* [EXERCISE DETAILS]:
Having found the line containing "Various first day" in the records below, copy that line and each later one exactly, dropping pictures.

* [RECORDS FOR THIS EXERCISE]:
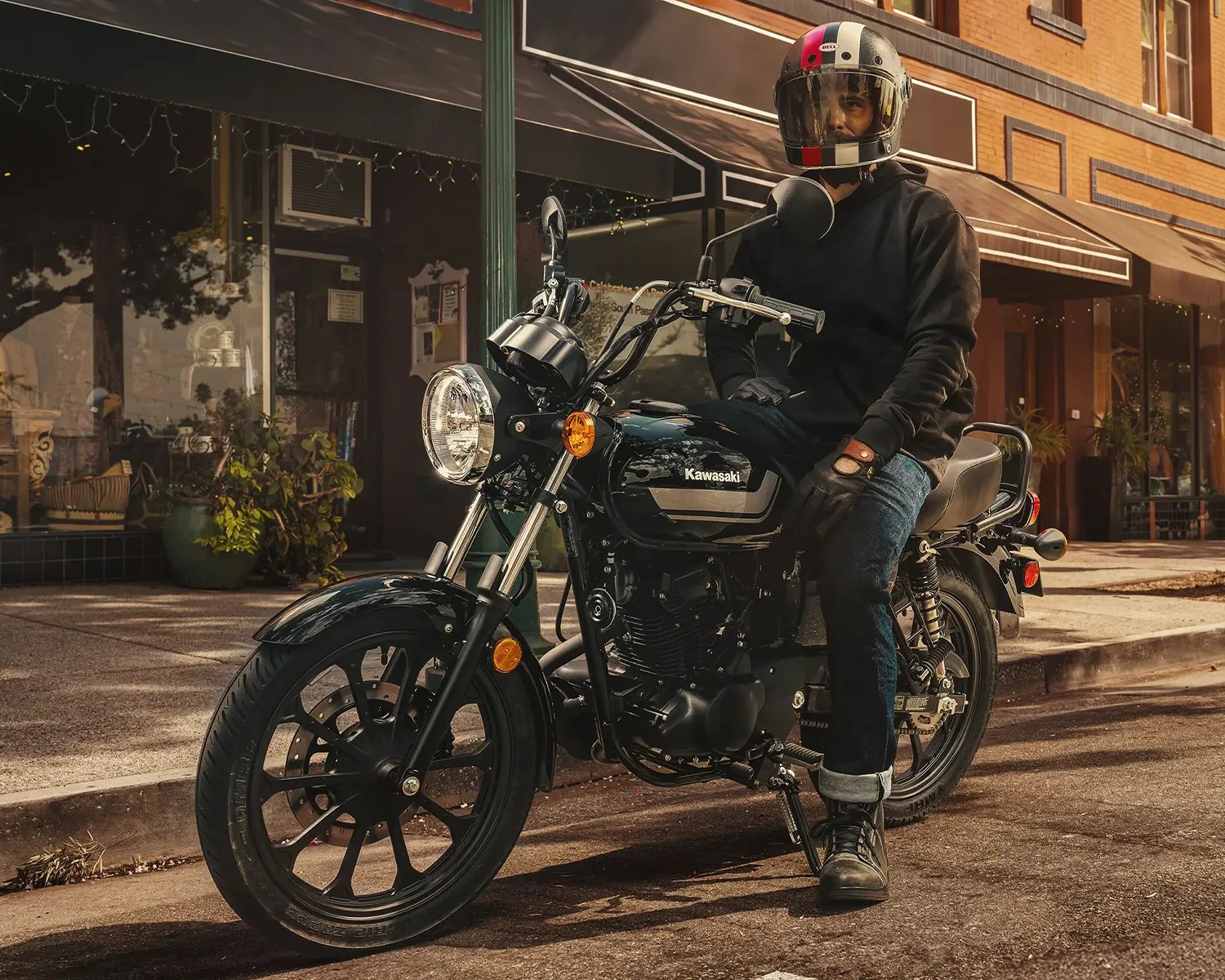 Person wearing a black hoodie, jeans, gloves, and a helmet sitting on a black Kawasaki motorcycle on a street.
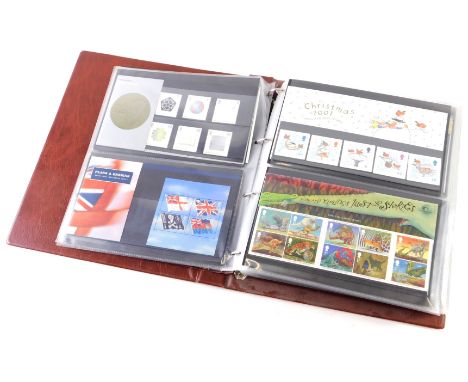 Various first day covers, Christmas 2001, etc., in a Royal Mail presentation pack. 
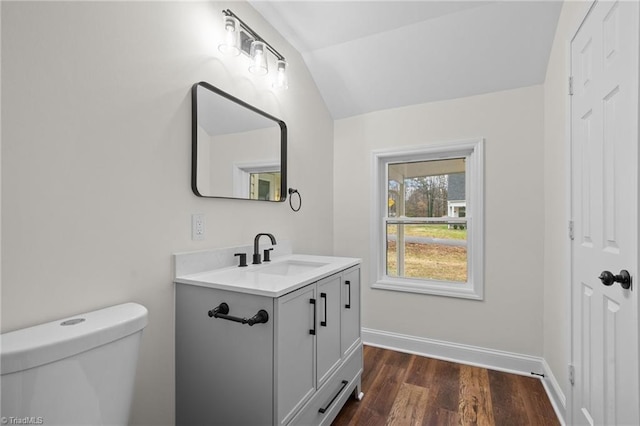 bathroom with wood-type flooring, vanity, toilet, and lofted ceiling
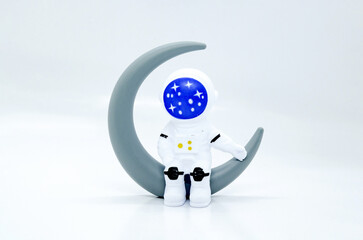 Miniature astronaut toy with blue starry helmet sitting on gray crescent moon on white background. Childrens space education, STEM learning toy for science popularization, dream, imagination concept. © Ninaveter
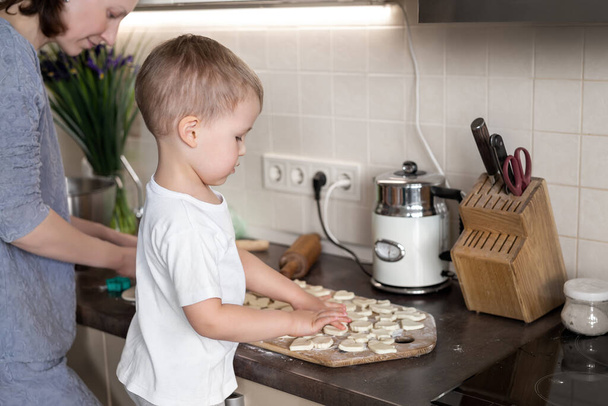 ポートレートかわいい小さな幼児白人の男の子家庭のキッチンで若い大人の母親と甘いおいしいクッキーを調理します。ママの小さな息子は甘いペストリー手作りデザートを焼く。親子で一緒に活動 - 写真・画像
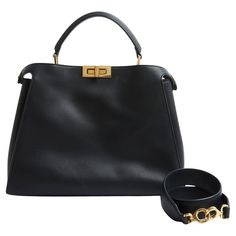 a black handbag next to a gold ring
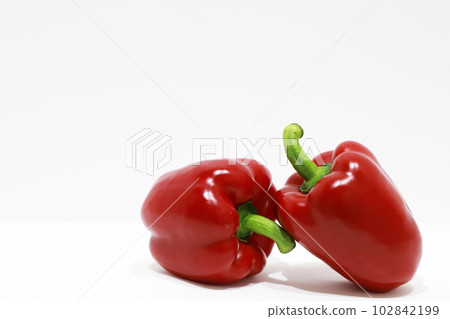 bright red paprika on white background 102842199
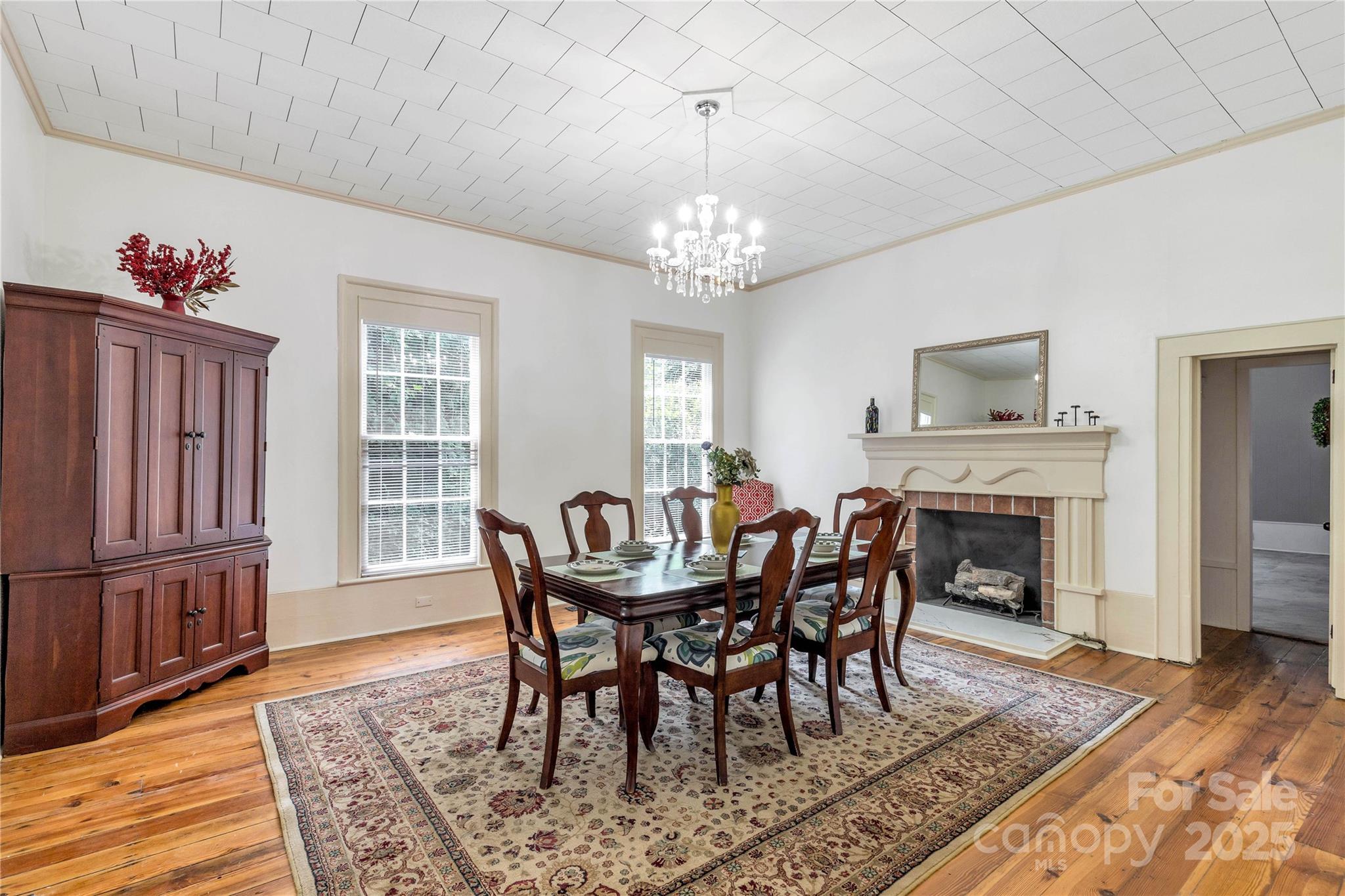 203 Kings Mountain Street Clover, SC 29710 - Photo 6 of 35 a view of a dining room with furniture wooden floor and chandelier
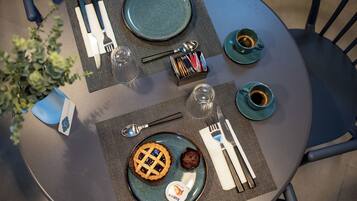 Una mesa dispuesta con un plato de comida, cubiertos y dos tazas de café.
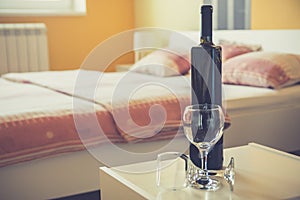 Wine bottle and two glasses in bedroom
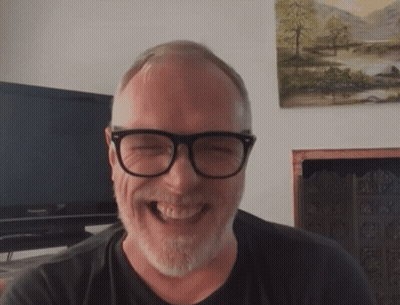 A Man With Glasses And A Beard Is Laughing In Front Of A Panasonic Television GIF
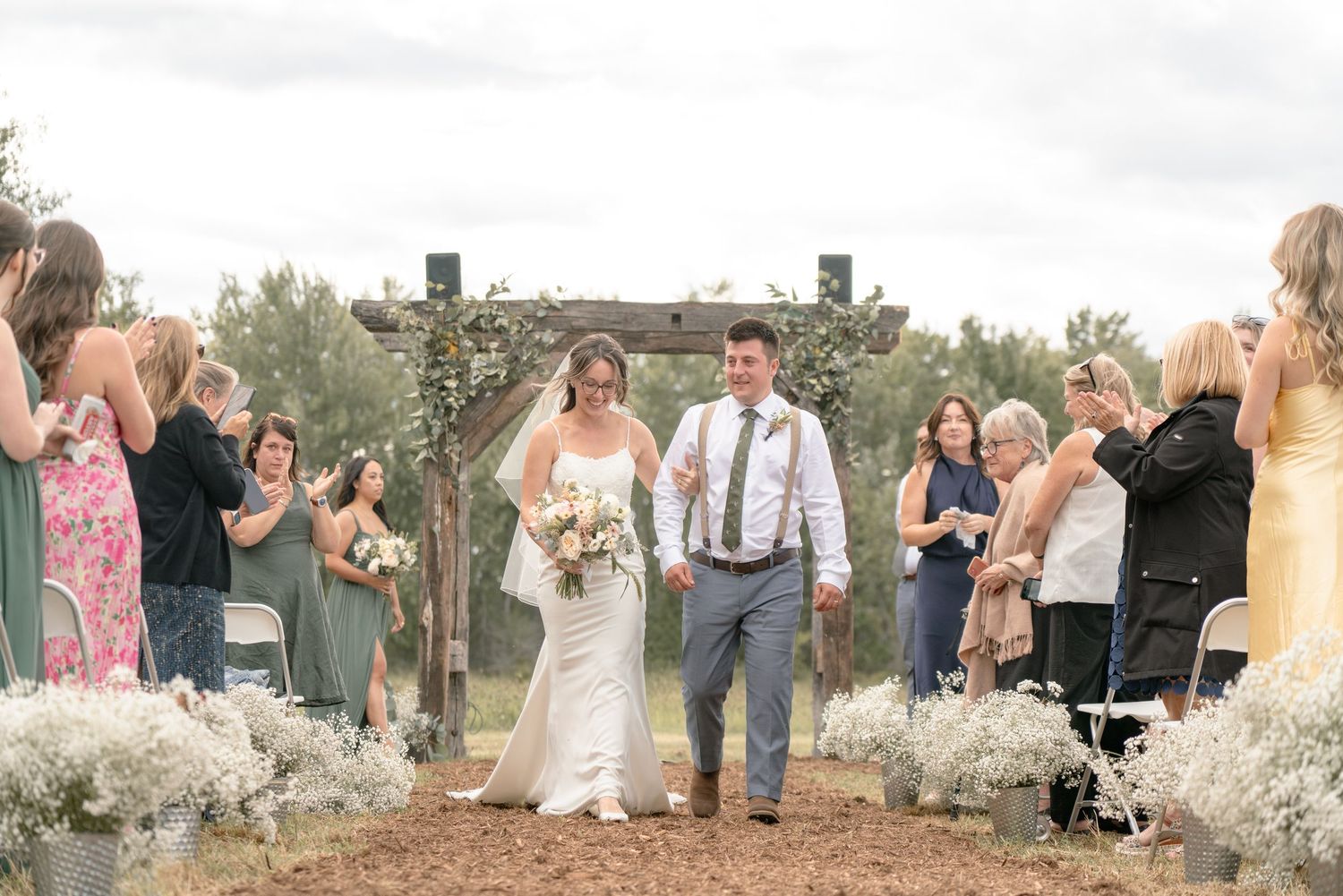 A happy couple walks down an outdoor aisle decorated with white flowers as wedding guests celebrate their union.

* [OUTPUT FOR THIS TASK]:
 Various first day covers, Christmas 2001, etc., in a Royal Mail presentation pack. 
 bathroom with wood-type flooring, vanity, toilet, and lofted ceiling
 Miniature astronaut toy with blue starry helmet sitting on gray crescent moon on white background. Childrens space education, STEM learning toy for science popularization, dream, imagination concept. © Ninaveter
 ポートレートかわいい小さな幼児白人の男の子家庭のキッチンで若い大人の母親と甘いおいしいクッキーを調理します。ママの小さな息子は甘いペストリー手作りデザートを焼く。親子で一緒に活動 - 写真・画像
 a black handbag next to a gold ring
 bright red paprika on white background 102842199
 203 Kings Mountain Street Clover, SC 29710 - Photo 6 of 35 a view of a dining room with furniture wooden floor and chandelier
 Una mesa dispuesta con un plato de comida, cubiertos y dos tazas de café.
 Wine bottle and two glasses in bedroom
 A Man With Glasses And A Beard Is Laughing In Front Of A Panasonic Television GIF
 A happy couple walks down an outdoor aisle decorated with white flowers as wedding guests celebrate their union.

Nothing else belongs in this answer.